TO DO: Reproduce the closing run of lines below verbatim, from the line that contains "Póster de The" up to and including the final line.

Collected data entries:

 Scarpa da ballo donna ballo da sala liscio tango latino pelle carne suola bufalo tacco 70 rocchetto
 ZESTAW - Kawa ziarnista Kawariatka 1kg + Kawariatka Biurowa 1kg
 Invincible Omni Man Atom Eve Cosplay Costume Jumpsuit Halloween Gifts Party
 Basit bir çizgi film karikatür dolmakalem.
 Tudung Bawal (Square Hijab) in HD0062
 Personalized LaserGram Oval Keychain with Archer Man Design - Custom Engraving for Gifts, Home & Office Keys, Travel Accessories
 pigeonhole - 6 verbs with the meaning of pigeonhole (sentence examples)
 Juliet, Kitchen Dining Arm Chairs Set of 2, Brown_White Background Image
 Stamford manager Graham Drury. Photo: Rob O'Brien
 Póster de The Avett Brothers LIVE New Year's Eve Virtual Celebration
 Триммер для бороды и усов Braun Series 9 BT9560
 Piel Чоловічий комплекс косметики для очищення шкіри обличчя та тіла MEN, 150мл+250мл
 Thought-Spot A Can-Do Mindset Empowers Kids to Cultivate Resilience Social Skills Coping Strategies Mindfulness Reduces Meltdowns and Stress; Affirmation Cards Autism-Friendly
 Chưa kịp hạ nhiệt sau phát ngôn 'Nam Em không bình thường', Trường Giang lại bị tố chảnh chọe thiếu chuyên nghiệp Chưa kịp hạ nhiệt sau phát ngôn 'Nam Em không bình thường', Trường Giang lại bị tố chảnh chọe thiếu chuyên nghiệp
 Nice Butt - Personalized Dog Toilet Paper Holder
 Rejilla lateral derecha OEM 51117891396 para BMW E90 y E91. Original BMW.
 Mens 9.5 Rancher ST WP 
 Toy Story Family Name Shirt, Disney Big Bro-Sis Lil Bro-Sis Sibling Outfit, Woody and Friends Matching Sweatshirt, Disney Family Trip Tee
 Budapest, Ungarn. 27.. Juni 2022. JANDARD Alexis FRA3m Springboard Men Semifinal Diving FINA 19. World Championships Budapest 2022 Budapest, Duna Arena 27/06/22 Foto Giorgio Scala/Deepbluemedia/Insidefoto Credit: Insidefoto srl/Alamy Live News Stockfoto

TASK RESPONSE:
 Póster de The Avett Brothers LIVE New Year's Eve Virtual Celebration
 Триммер для бороды и усов Braun Series 9 BT9560
 Piel Чоловічий комплекс косметики для очищення шкіри обличчя та тіла MEN, 150мл+250мл
 Thought-Spot A Can-Do Mindset Empowers Kids to Cultivate Resilience Social Skills Coping Strategies Mindfulness Reduces Meltdowns and Stress; Affirmation Cards Autism-Friendly
 Chưa kịp hạ nhiệt sau phát ngôn 'Nam Em không bình thường', Trường Giang lại bị tố chảnh chọe thiếu chuyên nghiệp Chưa kịp hạ nhiệt sau phát ngôn 'Nam Em không bình thường', Trường Giang lại bị tố chảnh chọe thiếu chuyên nghiệp
 Nice Butt - Personalized Dog Toilet Paper Holder
 Rejilla lateral derecha OEM 51117891396 para BMW E90 y E91. Original BMW.
 Mens 9.5 Rancher ST WP 
 Toy Story Family Name Shirt, Disney Big Bro-Sis Lil Bro-Sis Sibling Outfit, Woody and Friends Matching Sweatshirt, Disney Family Trip Tee
 Budapest, Ungarn. 27.. Juni 2022. JANDARD Alexis FRA3m Springboard Men Semifinal Diving FINA 19. World Championships Budapest 2022 Budapest, Duna Arena 27/06/22 Foto Giorgio Scala/Deepbluemedia/Insidefoto Credit: Insidefoto srl/Alamy Live News Stockfoto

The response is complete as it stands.